Quote these lines exactly: the one that holds "The Living Store" and every line after it to the end of the material below. Skip pictures.
Supplied information START
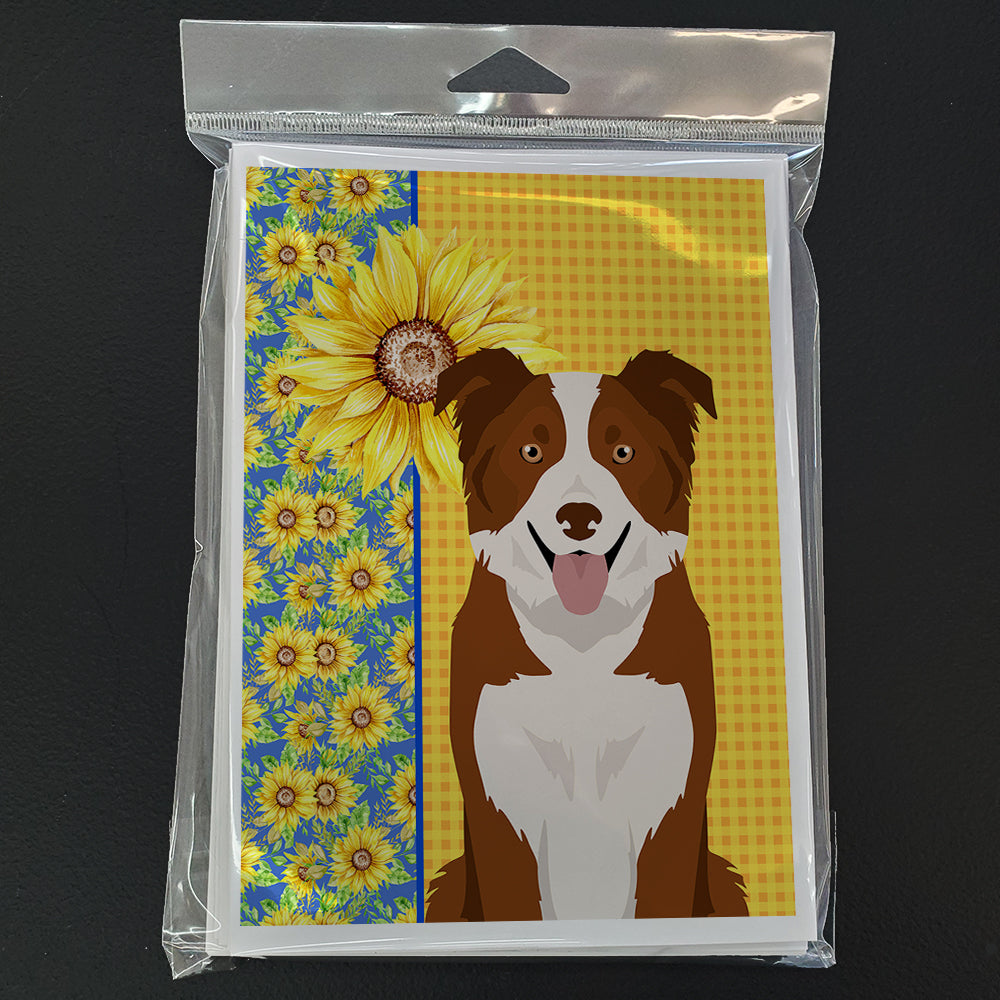 Summer Sunflowers Red and White Border Collie Greeting Cards and Envelopes Pack of 8 - the-store.com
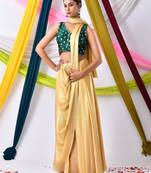 Woven Designed Sleeveless Embossed V Neck Saree Blouse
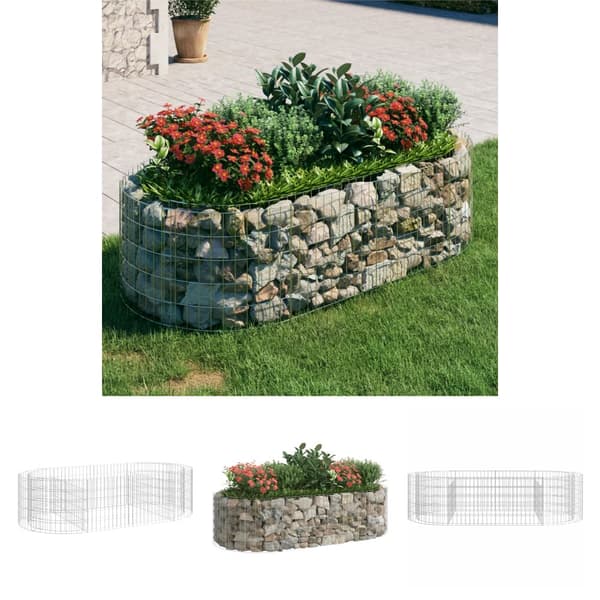 The Living Store gabion-højbed 200x100x50 cm galvaniseret jern -  Plantekrukker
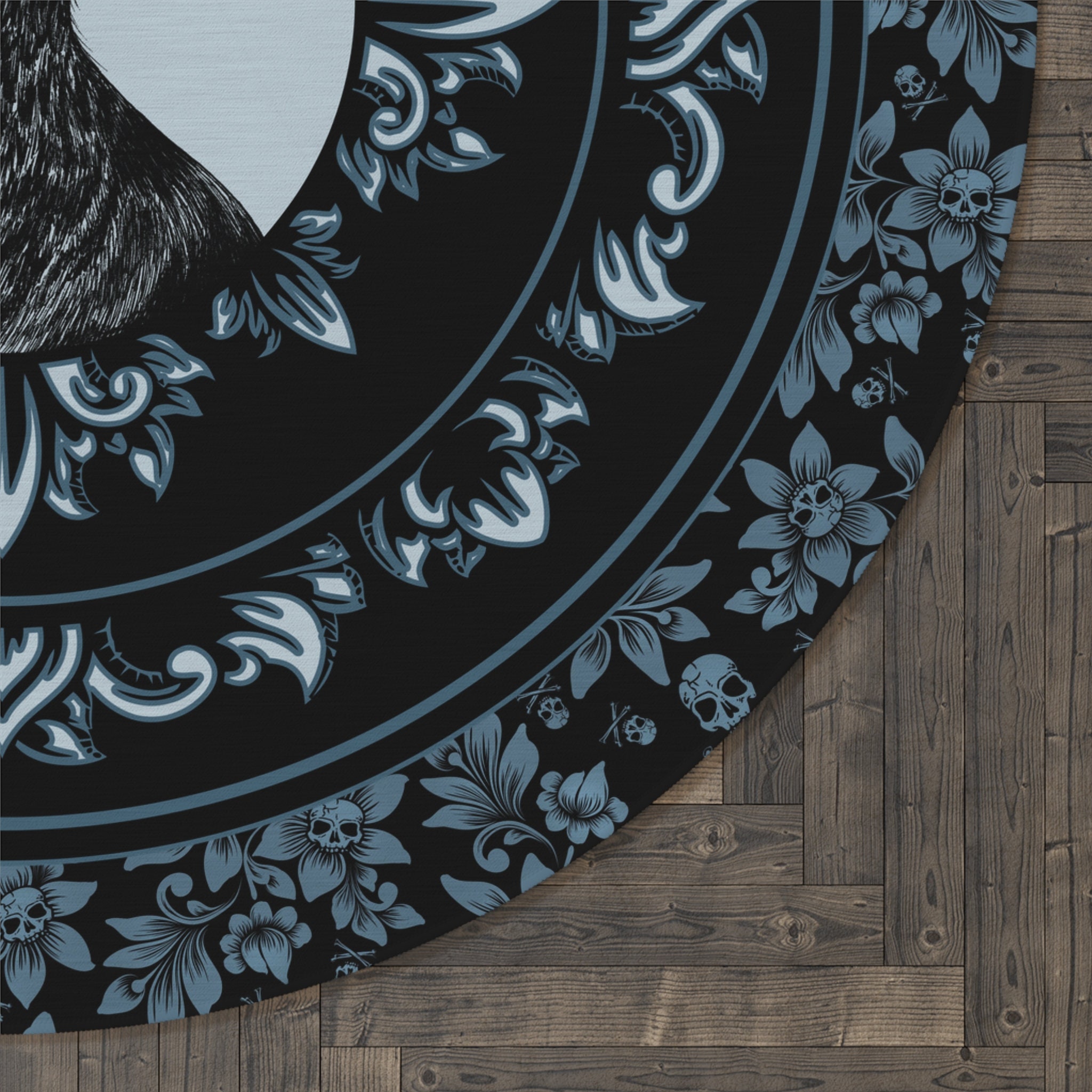 Round Gothic Raven Rug, Black & Blue Witchy Crowcore Decorative Accent ...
Supplied information END
Answer area ::
 The Living Store gabion-højbed 200x100x50 cm galvaniseret jern -  Plantekrukker
 Round Gothic Raven Rug, Black & Blue Witchy Crowcore Decorative Accent ...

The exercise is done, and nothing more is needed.